Exercise 11.6 Design a Comparator, c, that you could pass as an argument to quickSort(a,i,n,c) and that would cause quicksort to perform $\binom{\texttt{n}}{2}$ comparisons. (Hint: Your comparator does not actually need to look at the values being compared.)

Exercise 11.7 Analyze the expected number of comparisons done by Quicksort a little more carefully than the proof of Theorem 11.3. In particular, show that the expected number of comparisons is $2\texttt{n}H_\texttt{n} -\texttt{n} + H_\texttt{n}$.

Exercise 11.8 Describe an input array that causes heap sort to perform at least $2\texttt{n}\log \texttt{n}-O(\texttt{n})$ comparisons. Justify your answer.

Exercise 11.9 The heap sort implementation described here sorts the elements into reverse sorted order and then reverses the array. This last step could be avoided by defining a new Comparator that negates the results of the input Comparator, c.

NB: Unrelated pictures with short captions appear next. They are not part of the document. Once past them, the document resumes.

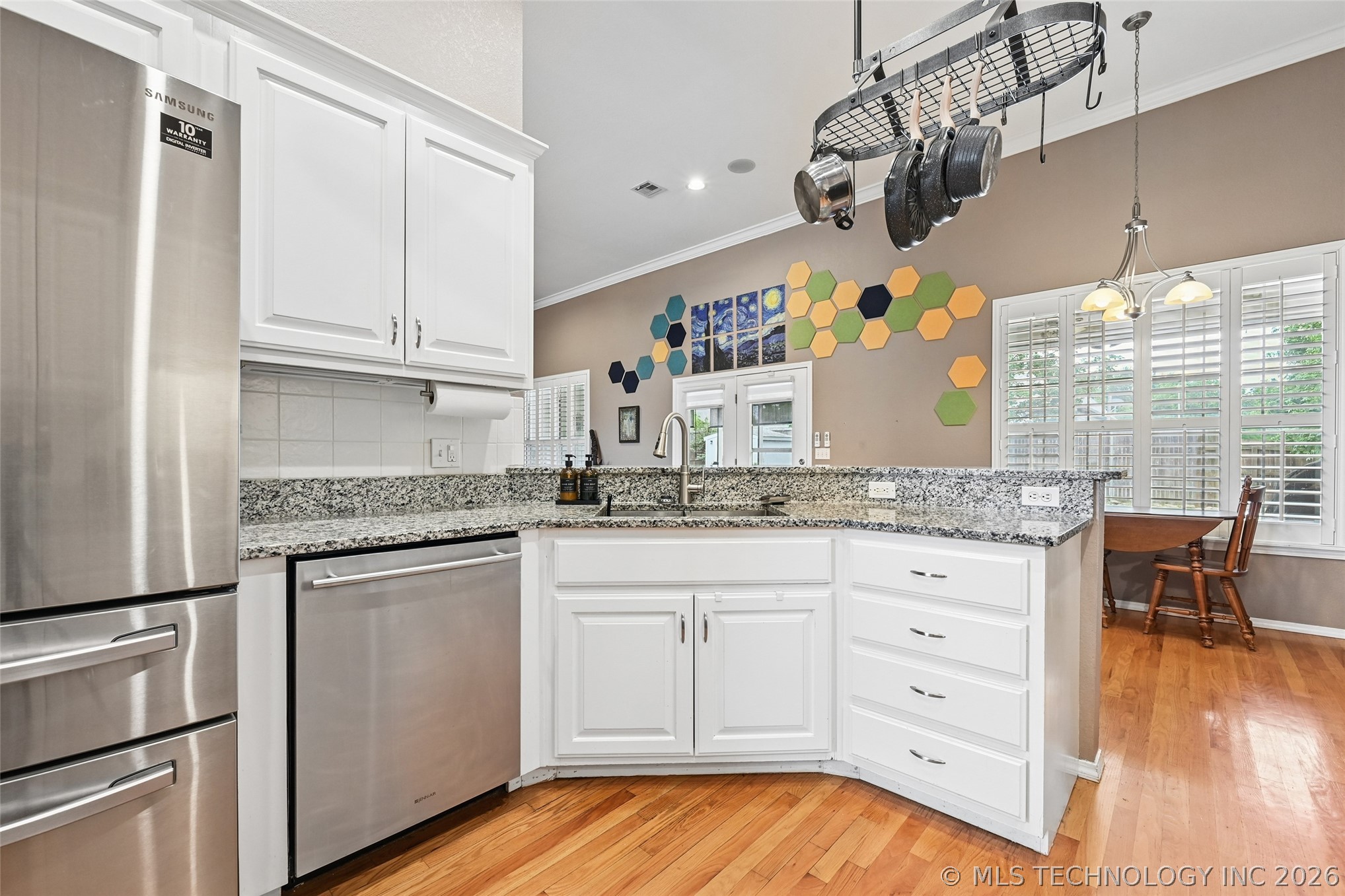 610 W 37th Place Sand Springs OK 74063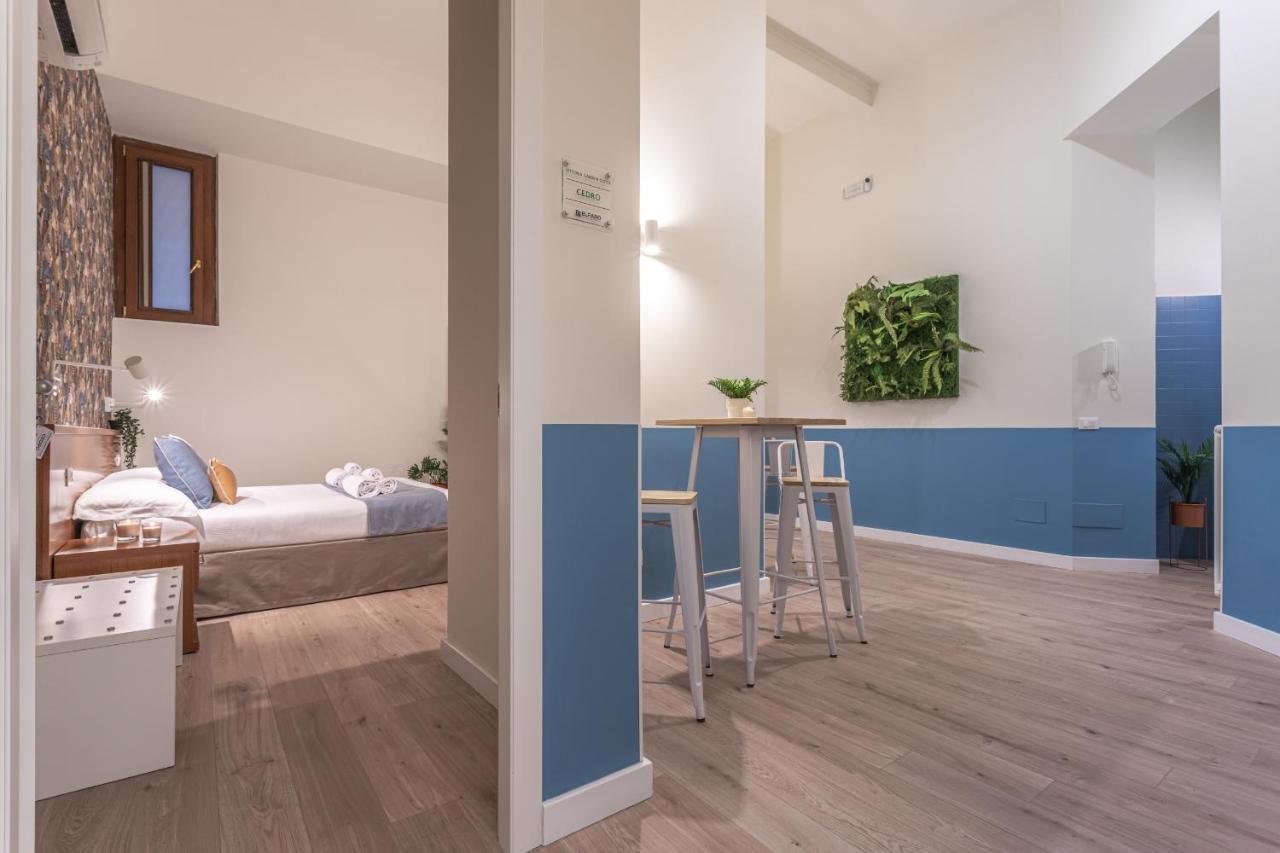 Vittoria Garden Suites Roma Esterno foto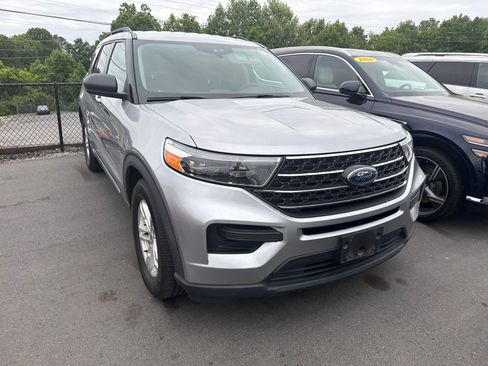 Used 2020 Ford Explorer XLT RWD image 4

Explain why this would not be a good optimization. (Hint: Consider how many negations would need to be done in relation to how long it takes to reverse the array.)

Exercise 11.10 Find another pair of permutations of $1,2,3$ that are not correctly sorted by the comparison tree in Figure 11.6.

Exercise 11.11 Prove that $\log \texttt{n}! = \texttt{n}\log \texttt{n}-O(\texttt{n})$.

Exercise 11.12 Prove that a binary tree with $k$ leaves has height at least $\log k$.

Exercise 11.13 Prove that, if we pick a random leaf from a binary tree with $k$ leaves, then the expected height of this leaf is at least $\log k$.

Exercise 11.14 The implementation of radixSort(a,k) given here works when the input array, a contains only non-negative integers. Extend this implementation so that it also works correctly when a contains both negative and non-negative integers.